You are probably so used to seeing Starbucks coffee shops
everywhere that you might not realize the company went
from just 11 stores in 1987 to 2,600 in the year 2000. This
incredibly rapid growth sprang from the company’s ability
to create a unique experience for customers who wanted
to buy its distinct brand of lattes and mochas wherever
they found themselves. At Starbucks’ core, there was also
a culture of treating each customer as a valued guest who
should feel comfortable relaxing and taking in the ambience
of the store. Whether you were in the company’s
founding location in Seattle, Washington, or at the other
end of the country in Miami, Florida, you knew what to
expect when you went to a Starbucks.
This uniform culture was truly put to the test in the face
of massive expansion, however, and by 2006 Starbucks’
chairman and former CEO Howard Schultz knew something
had gone wrong. He noted that “As I visited hundreds
of Starbucks stores in cities around the world, the
entrepreneurial merchant in me sensed that something
intrinsic to Starbucks’ brand was missing.
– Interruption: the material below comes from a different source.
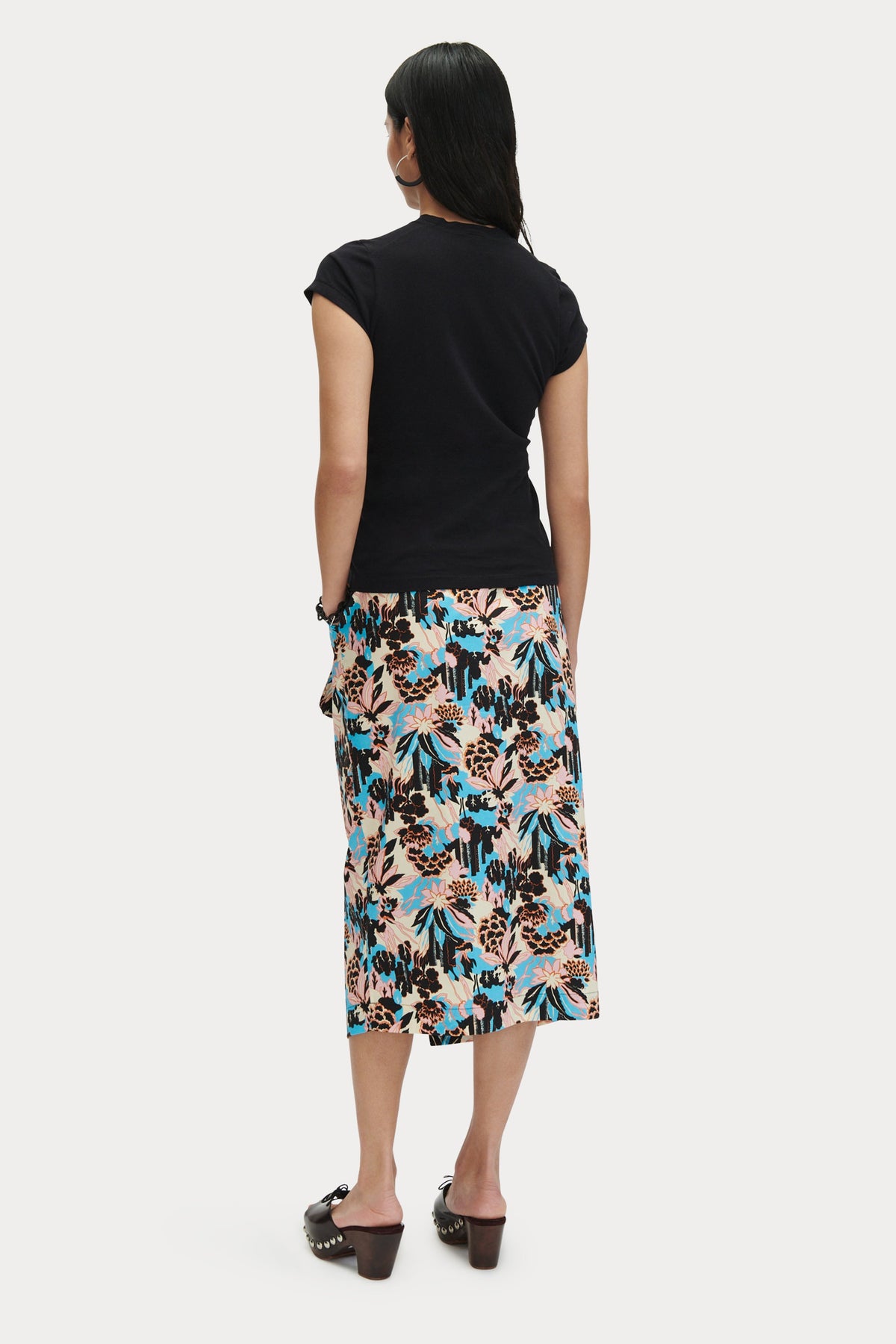 Rachel Comey Mead Tee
An aura. A spirit.
The stores were lacking a certain soul.” Starbucks’ performance
had become lackluster, with hundreds of planned
store openings being canceled and hundreds more stores
being closed.
So, Schultz took the dramatic step of coming back as
CEO and engaging in a companywide effort to change
the corporate culture back to what it had been before
its expansion. All 7,000 Starbucks stores were closed
for a single afternoon as part of a training effort of
135,000 baristas. Quality control was a primary mission;
baristas were instructed to pour every glass of espresso
like honey from a spoon, to preserve the flavor. This emphasis
on quality over speed ran counter to the principles
of mass production, but it was just what the company
needed to ensure it could retain its culture. Espresso machines
that obscured the customers’ view were replaced

with lower-profile machines that allowed baristas to look
directly at guests while making beverages. And “assemblyline
production,” like making several drinks at once, was
discouraged in favor of slowly making each drink for
each customer.
Schultz is convinced his efforts to take the culture
back to its roots as a neighborhood coffee shop—one entranced
with the “romance of coffee” and treating every
customer as an old friend—has saved the company. Today,
Starbucks earns more than $10 billion in annual revenue
and serves more than 50 million customers a week around
the globe.
Questions
1. What factors are most likely to change when a
company grows very rapidly, as Starbucks did?
How can these changes threaten the culture of an
organization?
2. Why might this type of radical change process be
easier for Starbucks to implement than it would be
for other companies?
3. A great deal of the return to an original culture has
been credited to Howard Schultz, who acted as an
idea champion. Explain how Schultz’s efforts to
change the Starbucks culture fit with our discussion
of culture change earlier in the chapter.
4. Schultz’s change initiative might succeed at another
company that values customization and high levels
of customer service, but how would it need to differ
at a firm that emphasizes speed and efficiency of
service?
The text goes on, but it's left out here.